I love spending time with friends, going to concerts, heading to the beach, seeing movies, exploring new places, and going to breweries…I love beer. I’m just really into doing whatever makes me feel alive and happy.

  1. How did it feel when your first book got published?

There’s a certain bounce in your step, a smile you can’t quite explain, pride, and a sense of optimism that would rival any motivational speaker. In a word or two though, pretty damn good.

  1. Do you think you still have a story to tell to the readers?

There’s always a story to tell. As long as I’m alive and moving forward there’s always going to be a story to tell, just a new chapter.

  1. Do you pen down revelations and ideas as you get them, right then and there?

Yes. No matter where, if inspiration strikes, I write it down. My go-to move is just writing it in my text drafts or emailing it to myself right then and there. I’ve jotted down words, sentences, or ideas while at the beach, in a pool, at the bar, as my eyes are closing to go to sleep, jumped out of the shower to grab my phone, etc.

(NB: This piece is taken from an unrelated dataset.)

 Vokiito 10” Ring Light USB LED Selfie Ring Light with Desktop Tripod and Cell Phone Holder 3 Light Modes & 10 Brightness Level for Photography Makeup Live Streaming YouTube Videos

  1. You don’t have to be a writer in order to be an author – how true is that?

And you also don’t have to be an “author” to be a writer. I think both statements are true. I believe only you deserve to define yourself, not an accomplishment or a title.

  1. Do you need to be in a specific place or room to write, or you can just sit in the middle of a café full of people and write?

Both. I feel comfortable doing either, but I do love to write at nighttime while the rest of the world sleeps. That’s how I prefer it.

  1. Do you have a daily habit of writing?

Yes. It doesn’t matter if it’s one word or one chapter, I always find myself writing something by the time I shut my eyes at night.

  1. Writers are often associated with loner tendencies; is there any truth to that?

Yeah, there’s undoubtedly some truth to that. Like I’ve mentioned before, everyone’s different, but you do have to have to feel comfortable being alone for long periods of time in order to write. I’ve always been extremely comfortable with being alone, and sometimes prefer it depending on the day or occasion.

  1. What is your take on the importance of a good cover and title?

I think it’s extremely important. Your title should be interesting, clever, hint at what’s inside, and be intriguing enough to pick up and flip it open to know more. Getting your book into a reader’s hand, any way you can is important. A beautifully designed cover that catches the eye of an Amazon browser or a bookstore wanderer is what might separate that person from walking by or picking it up.